Start of Task inputs

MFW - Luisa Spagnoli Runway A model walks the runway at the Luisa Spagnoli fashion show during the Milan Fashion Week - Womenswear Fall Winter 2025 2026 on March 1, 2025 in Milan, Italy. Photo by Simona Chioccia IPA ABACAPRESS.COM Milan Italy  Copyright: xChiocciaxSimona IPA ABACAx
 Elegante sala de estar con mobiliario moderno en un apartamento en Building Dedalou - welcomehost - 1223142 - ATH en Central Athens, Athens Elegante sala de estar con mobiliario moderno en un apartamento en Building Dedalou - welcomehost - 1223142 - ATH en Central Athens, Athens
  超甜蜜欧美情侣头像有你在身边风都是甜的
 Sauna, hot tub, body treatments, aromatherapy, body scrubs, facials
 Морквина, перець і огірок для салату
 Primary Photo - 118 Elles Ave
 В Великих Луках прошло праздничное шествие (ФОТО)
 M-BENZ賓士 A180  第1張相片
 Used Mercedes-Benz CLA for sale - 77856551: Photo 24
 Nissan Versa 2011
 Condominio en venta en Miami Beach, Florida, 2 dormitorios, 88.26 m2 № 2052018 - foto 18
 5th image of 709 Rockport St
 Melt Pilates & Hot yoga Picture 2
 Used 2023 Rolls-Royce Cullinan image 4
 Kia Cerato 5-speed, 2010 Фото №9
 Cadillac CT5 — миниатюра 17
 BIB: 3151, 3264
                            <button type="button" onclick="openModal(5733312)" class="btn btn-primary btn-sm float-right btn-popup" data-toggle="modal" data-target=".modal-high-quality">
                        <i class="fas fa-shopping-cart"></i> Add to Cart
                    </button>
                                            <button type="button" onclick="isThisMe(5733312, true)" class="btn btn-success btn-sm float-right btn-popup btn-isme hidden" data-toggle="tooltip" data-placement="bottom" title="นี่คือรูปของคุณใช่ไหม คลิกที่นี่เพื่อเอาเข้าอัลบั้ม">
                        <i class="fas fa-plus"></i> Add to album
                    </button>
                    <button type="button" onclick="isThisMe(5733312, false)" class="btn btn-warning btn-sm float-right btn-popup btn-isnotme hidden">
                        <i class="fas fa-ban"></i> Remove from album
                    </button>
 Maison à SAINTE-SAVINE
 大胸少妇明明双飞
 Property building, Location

End of Task inputs

### Directions for this task
Show each line from the material above where the string "toggle" can be found.

### Written response
                            <button type="button" onclick="openModal(5733312)" class="btn btn-primary btn-sm float-right btn-popup" data-toggle="modal" data-target=".modal-high-quality">
                                            <button type="button" onclick="isThisMe(5733312, true)" class="btn btn-success btn-sm float-right btn-popup btn-isme hidden" data-toggle="tooltip" data-placement="bottom" title="นี่คือรูปของคุณใช่ไหม คลิกที่นี่เพื่อเอาเข้าอัลบั้ม">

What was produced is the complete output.